# Iron Filings In My Cell Phone Speaker



## randyjaco

I was doing a bit of grinding the other day. I had my eye and breathing protection on, but didn't think about protection for my cell. The cell was in my shirt pocket and evidently a quantity of iron fillings also ended up on my cell. It seems that the small speaker collected them. The speaker now just produces unintelligible noise. Luckily the loud speaker works, at least until my next grinding procedure.
 I learned on the first phone that compressed air is not a good solution 8^(
The filings are so small I can't see them, so tweezers aren't an option.
Since this is the second phone I have ruined with filings, I was wondering if anyone has a method of removing them?

TIA
Randy


----------



## darkzero

I had the same thing happen to my previous cell phone. I had fine chips get stuck on the earpiece grill. Like an idiot I blew them off with air. Well some of the steel blew past the grill & got stuck on the earpiece speaker & there was an annoying rattle everytime I was on a phone call.

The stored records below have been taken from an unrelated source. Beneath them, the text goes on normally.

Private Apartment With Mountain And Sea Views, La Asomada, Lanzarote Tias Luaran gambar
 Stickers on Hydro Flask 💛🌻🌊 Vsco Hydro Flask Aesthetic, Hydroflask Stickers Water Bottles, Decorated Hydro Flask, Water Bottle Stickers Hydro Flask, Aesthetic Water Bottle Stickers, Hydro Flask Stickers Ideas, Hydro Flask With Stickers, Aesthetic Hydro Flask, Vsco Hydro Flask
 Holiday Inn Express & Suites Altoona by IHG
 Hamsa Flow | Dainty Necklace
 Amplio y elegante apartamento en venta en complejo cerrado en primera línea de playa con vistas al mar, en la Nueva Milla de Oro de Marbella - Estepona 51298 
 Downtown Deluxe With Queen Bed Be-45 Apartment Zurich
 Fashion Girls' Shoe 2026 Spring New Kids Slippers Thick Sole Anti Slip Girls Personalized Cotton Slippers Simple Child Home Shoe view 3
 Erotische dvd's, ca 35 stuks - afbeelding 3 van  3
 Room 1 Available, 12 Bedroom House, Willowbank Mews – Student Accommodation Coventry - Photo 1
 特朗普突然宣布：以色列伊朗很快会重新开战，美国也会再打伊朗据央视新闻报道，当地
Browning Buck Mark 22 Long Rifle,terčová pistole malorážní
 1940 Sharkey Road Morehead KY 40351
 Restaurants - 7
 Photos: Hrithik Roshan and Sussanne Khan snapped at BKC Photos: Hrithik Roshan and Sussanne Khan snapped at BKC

lucky for me a replacement speaker was only $2. When I disassembled it & got to the earpiece speaker I saw the chips sitting on the speaker. I probably could have wiped them off at that point & it might have been fine but since I had it open & a replacment speaker I just replaced it.

Lesson learned, the next times I saw chips on the grill, I just wiped them off with a cloth. Never happened to me again & has never happened with my current phone.


----------



## great white

If you can get to the speaker by removing its cover, I've had success removing filings from speaker magnets and such with a bit of masking tape.

Doesn't take much, just lightly touch the tape to the cone and filings should stick to it.

Be careful with cell phone "speakers", they're usually a pretty thin membrane.

Maybe consider putting your phone on the shelf next time or perhaps investing in a " life proof" style case?


----------



## silence dogood

As an experiment, I put my phone in a zip lock plastic bag.  I can still press the buttons and talk on it.  Mine is one of those that opens and closes, so I have to leave it open.  However,  that does not seem to make any difference since it will shut itself off after use.  Just an idea when you take it down to the shop.  Mark


----------



## Terrywerm

I leave my phone on the computer desk when I am at home, so it doesn't come to the shop with me and get exposed to "cell phone kryptonite". I've had the same phone for over four years now and it is still going strong. I suppose I should consider getting a new one pretty soon.


----------



## Dawner

randyjaco said:


> I was doing a bit of grinding the other day. I had my eye and breathing protection on, but didn't think about protection for my cell. The cell was in my shirt pocket and evidently a quantity of iron fillings also ended up on my cell. It seems that the small speaker collected them. The speaker now just produces unintelligible noise. Luckily the loud speaker works, at least until my next grinding procedure.
> I learned on the first phone that compressed air is not a good solution 8^(
> The filings are so small I can't see them, so tweezers aren't an option.
> Since this is the second phone I have ruined with filings, I was wondering if anyone has a method of removing them?
> 
> TIA
> Randy


Have you tried a very strong magnet in steed of air ?  Sounds like the iron filings are attracted to the speaker magnet.  As for aluminium. that shouldn't  be a problem but if it is can't help you on that one.


----------



## jasnooks

X3 on the magnet. I've been doing it for years. Probably won't help now if the chips were blown deep into the phone though.


----------



## GK1918

In the key of F#   take that phone and shove it  bah bah bah I don't want it no more       LOL   
seriously  my big problem is a ration of calls all day all night from timbuckto.   Is there anyway
to block these calls?  I dont know anybody from these places... to sleep I take phone off the hook.
then get up I got atleast 20 missed calls over nite.    geezzz


----------



## darkzero

GK1918 said:


> In the key of F#   take that phone and shove it  bah bah bah I don't want it no more       LOL
> seriously  my big problem is a ration of calls all day all night from timbuckto.   Is there anyway
> to block these calls?  I dont know anybody from these places... to sleep I take phone off the hook.
> then get up I got atleast 20 missed calls over nite.    geezzz


Depends on who the calls are from but this worked for my cell phone, also registered my home phone # too years ago. My Android phone also has a black list feature for calls & texts.

https://www.donotcall.gov/


----------



## jim18655

Won't help now but drop the phone in a zip-lock bag before you go to the shop. Also works good for calculators in the shop


----------



## Uglydog

I've lost track of how many times my Fire Chief has had my fire pager reguilt due to filings.
The plastic bag is a good idea.

Daryl
MN


----------



## randyjaco

Thanks guys, I tried the magnet and the tape.  Neither solved the problem. I am due a new phone next month.
Randy


----------